------ Material to process ------

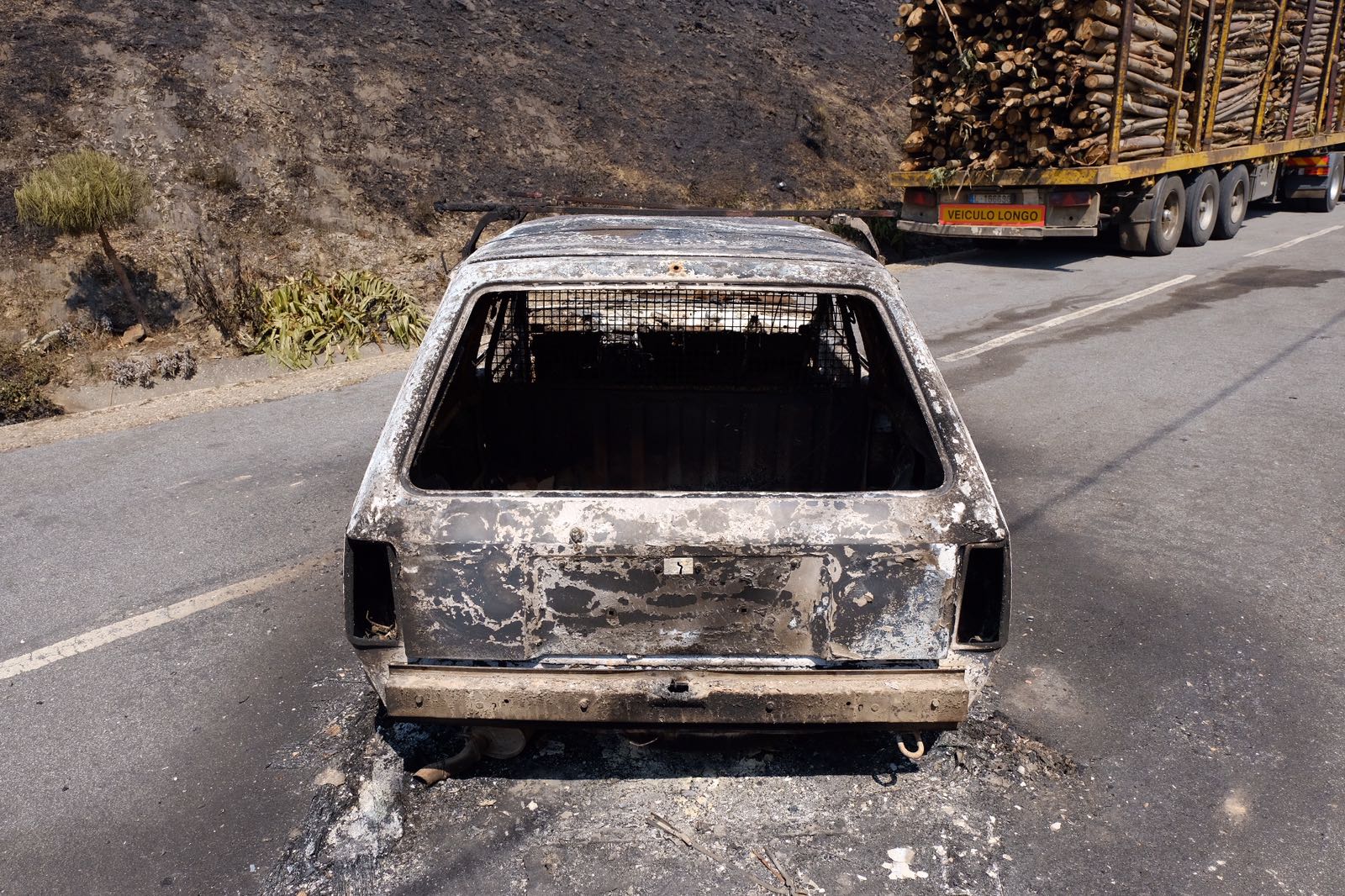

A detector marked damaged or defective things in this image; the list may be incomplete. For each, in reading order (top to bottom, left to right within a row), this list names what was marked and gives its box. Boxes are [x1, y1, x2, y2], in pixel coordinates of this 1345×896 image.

burnt car interior [409, 286, 947, 492]
peeling paint on car body [346, 215, 1011, 726]
rear of burnt car [346, 218, 1011, 731]
burnt car wreck [346, 215, 1011, 737]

------

# Task to complete
Restate the listing above word for word and skip each picture.

# Expected output
A detector marked damaged or defective things in this image; the list may be incomplete. For each, in reading order (top to bottom, left to right within a row), this list names what was marked and gives its box. Boxes are [x1, y1, x2, y2], in pixel coordinates of this 1345×896 image.

burnt car interior [409, 286, 947, 492]
peeling paint on car body [346, 215, 1011, 726]
rear of burnt car [346, 218, 1011, 731]
burnt car wreck [346, 215, 1011, 737]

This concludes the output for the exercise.